If you're thinking that way, then orphaning an early block of coins is not really a big deal. Today, when people treat it primarily as an investment, and at best secondarily as a payment system, then you look at that stash as some sort of lost treasure. I think that while it is in theory treasure, it is almost certainly lost.

Think about it -- you want to set up a payment system and in firing up the servers, you glitch and lose the initial block of tokens. You can either start over or keep going. Starting over has a weird, scary reputation cost. A payment system is only as good as people's belief, and if people wonder if you might start it over then they wonder if they should stick their actual money into this thing that might just get restarted. It's turning coins into bits, and wondering if those bits are going to get zeroed. Also, let's suppose you don't realize you lost that block of until a day into having fired up the game. It's inconvenient to go back as well as a reputation hit. It's easier to move on. It's even easier psychologically because your mindset is that this is a payment system and early in the game they're like potato chips not only in value, but because you can always make more. It doesn't take long before it is literally easier to just make more than to go back and deal with the ones you lost.

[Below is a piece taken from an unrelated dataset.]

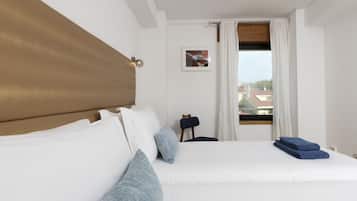 Apartamento, 3 habitaciones, balcón, vistas a la ciudad | 3 dormitorios, sábanas de algodón egipcio, ropa de cama de alta calidad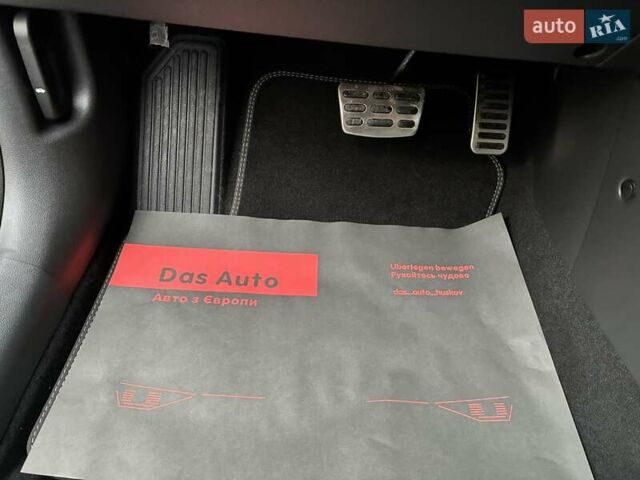 Серый Хендай Kona Electric, объемом двигателя 0 л и пробегом 78 тыс. км за 19500 $, фото 81 на Automoto.ua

Most thought about them presumes that they knew then what we know now. It's the classic problem that history is very different when you look back rather than forward.

(2) Should we get a gadget (like a quantum computer) capable finding lost coins, we also have a gadget capable of unlocking any chunk of coins. The effect on unlocking a few billion dollars of moolah, almost *must* be a collapse of bitcoin. Even the most cold, unpanicked rational analysis of this sets the maximum value of a coin. You end up with some sort of hysteresis and minimax of the cost to mine a coin and the cost to conjure the key to one (or a group of them). 

Bitcoin is a payment system, a speculation system, and also an information betting network on the question of the existence of practical quantum computers. Holding a bitcoin is making a bet that there are no practical, high-speed quantum computers.